## Crawled caption data
..........
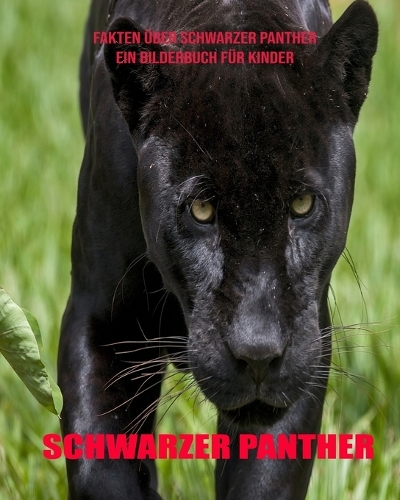 Schwarzer Panther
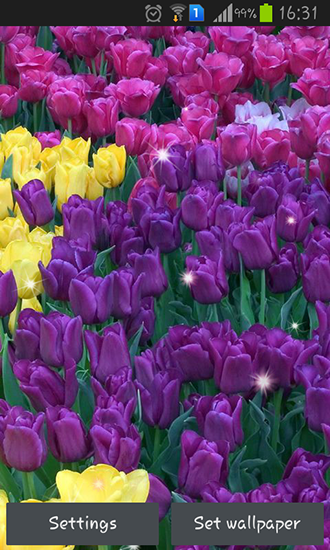 Скачать Colorful tulips - бесплатные живые обои для Андроида на рабочий стол.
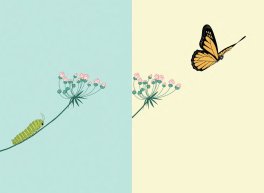 Prima Dopo — Libro - 6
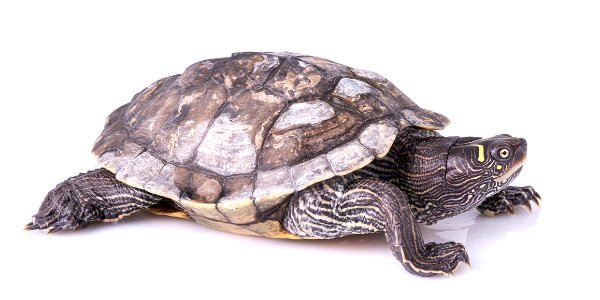 Ouachita Map Turtle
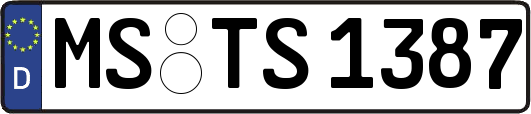 MS-TS1387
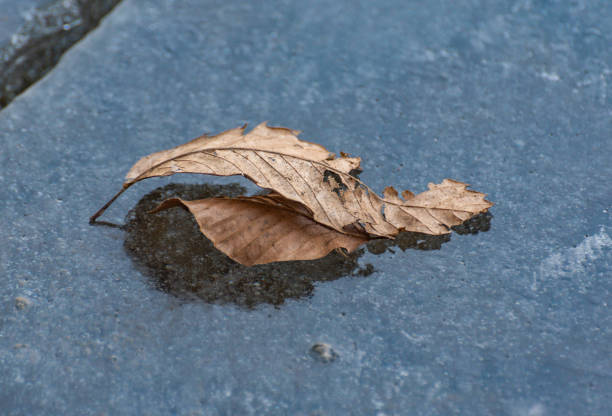 Fallen leaves frozen in ice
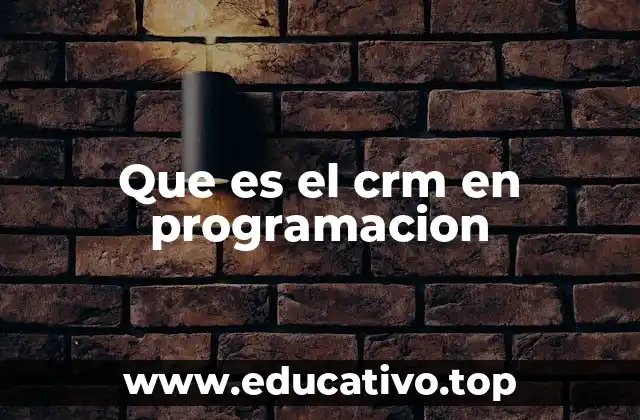 Que es el crm en programacion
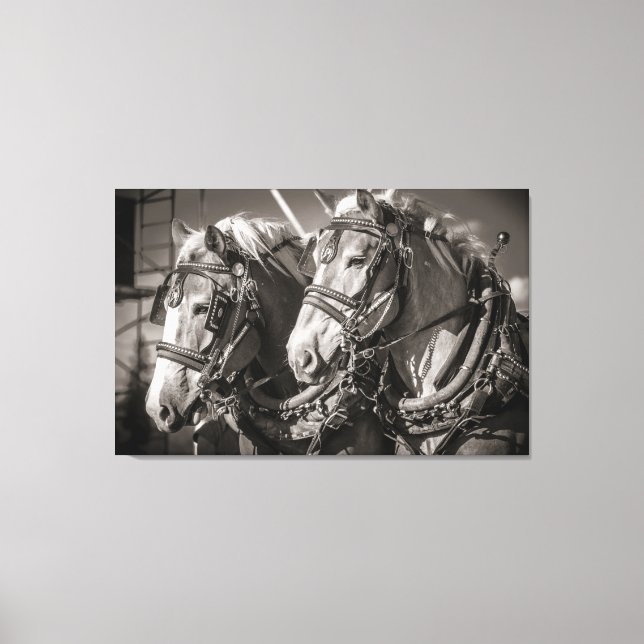 Belgien Pferdezuchtpferde Leinwanddruck (Vorderseite)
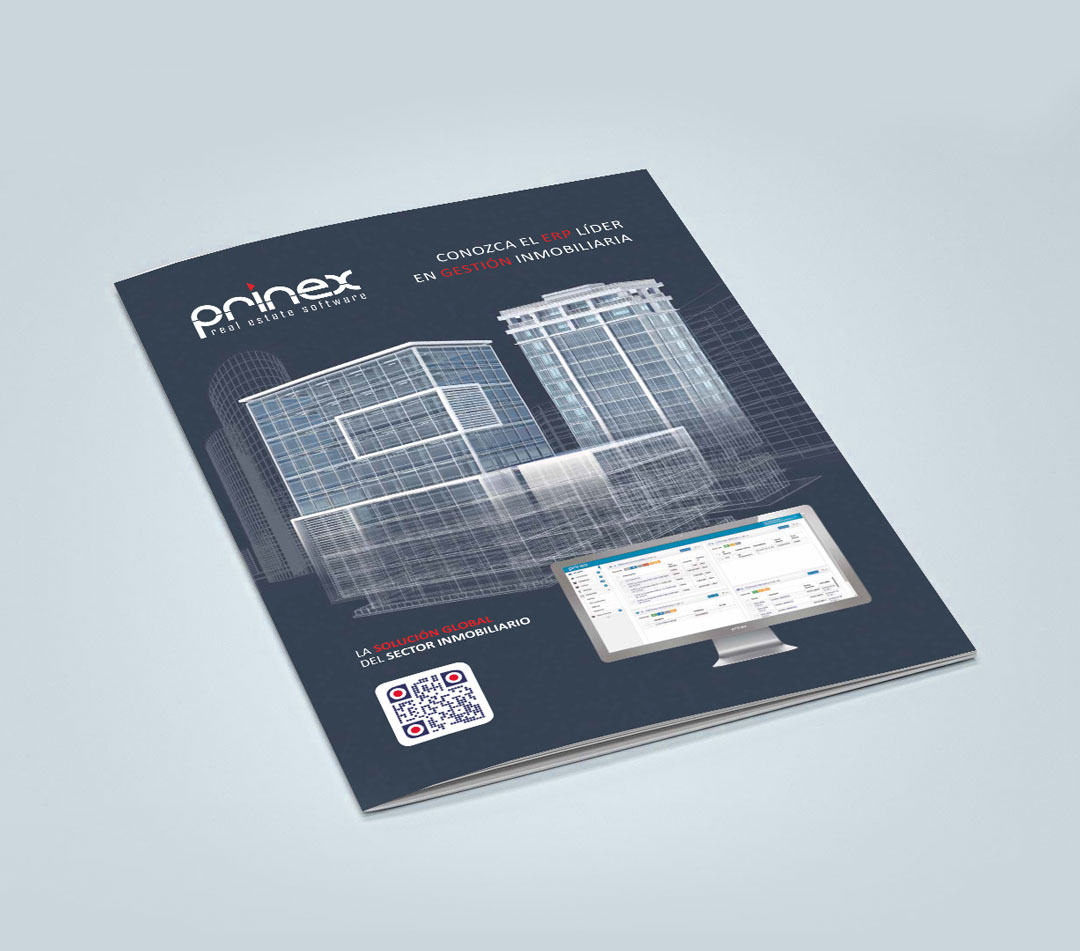 thumbnail-catalogo-desarrollo-web-rrss-prinex-real-state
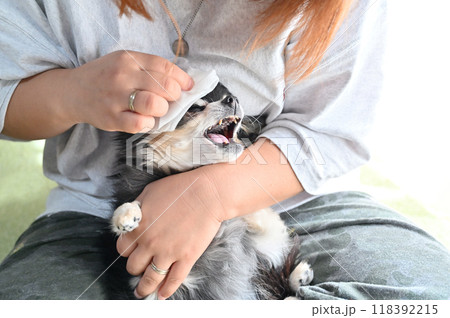 ウェットティッシュで愛犬の顔のお手入れをする女性 チワワ ウェットティッシュで愛犬の顔のお手入れをする女性 チワワ 118392215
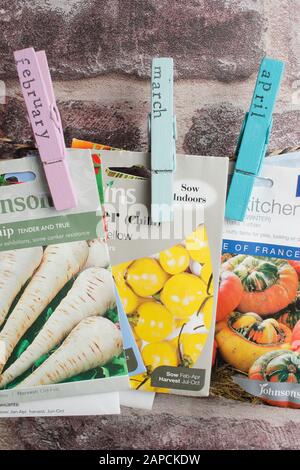 Seed packets organised by month of sowing using upcycled clothes peg for labels. Stock Photo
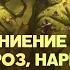 Нургл Фракции Total War Warhammer 3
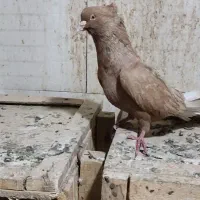 زرد دم سفید خال سیاه|پرنده|اهواز, زرگان|دیوار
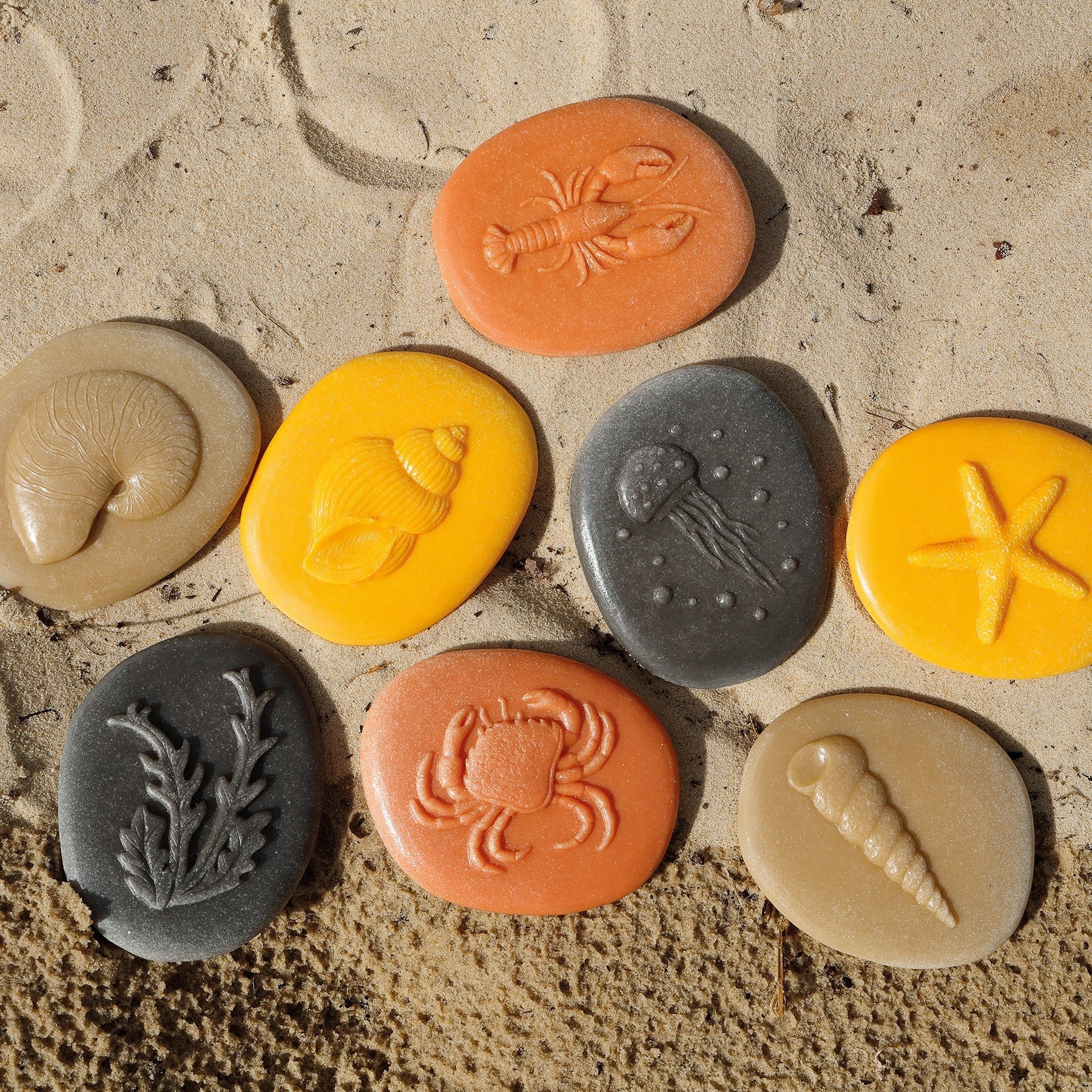 Yellow Door Let's Investigate - Seashore Exploration - Set of 8 Stone Figures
..........
## Work order
The stretch above running from the line with "Ouachita Map Turtle" through the line with "زرد دم سفید" is all you should copy, exactly, leaving out the pictures.

## Reply
 Ouachita Map Turtle
 MS-TS1387
 Fallen leaves frozen in ice
 Que es el crm en programacion
 Belgien Pferdezuchtpferde Leinwanddruck (Vorderseite)
 thumbnail-catalogo-desarrollo-web-rrss-prinex-real-state
 ウェットティッシュで愛犬の顔のお手入れをする女性 チワワ ウェットティッシュで愛犬の顔のお手入れをする女性 チワワ 118392215
 Seed packets organised by month of sowing using upcycled clothes peg for labels. Stock Photo
 Нургл Фракции Total War Warhammer 3
 زرد دم سفید خال سیاه|پرنده|اهواز, زرگان|دیوار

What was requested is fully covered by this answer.